Required work:
The full set of lines below has to be duplicated exactly, with no picture kept.

*** Opening of Data section ***

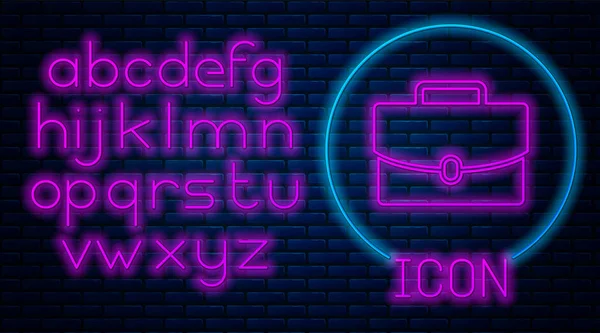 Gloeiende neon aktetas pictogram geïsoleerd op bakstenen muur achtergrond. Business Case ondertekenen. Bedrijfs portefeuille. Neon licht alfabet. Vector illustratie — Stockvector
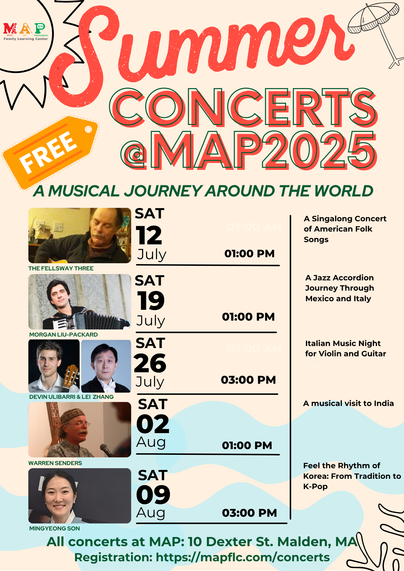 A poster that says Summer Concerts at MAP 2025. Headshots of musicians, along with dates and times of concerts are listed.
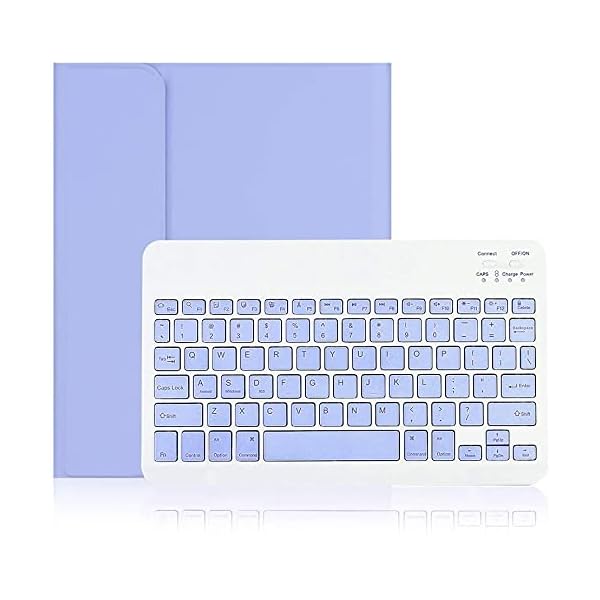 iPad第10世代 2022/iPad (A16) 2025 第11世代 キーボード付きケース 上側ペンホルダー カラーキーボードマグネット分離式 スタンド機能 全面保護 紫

*** Close of Data section ***

Answer to this exercise:
 Gloeiende neon aktetas pictogram geïsoleerd op bakstenen muur achtergrond. Business Case ondertekenen. Bedrijfs portefeuille. Neon licht alfabet. Vector illustratie — Stockvector
 A poster that says Summer Concerts at MAP 2025. Headshots of musicians, along with dates and times of concerts are listed.
 iPad第10世代 2022/iPad (A16) 2025 第11世代 キーボード付きケース 上側ペンホルダー カラーキーボードマグネット分離式 スタンド機能 全面保護 紫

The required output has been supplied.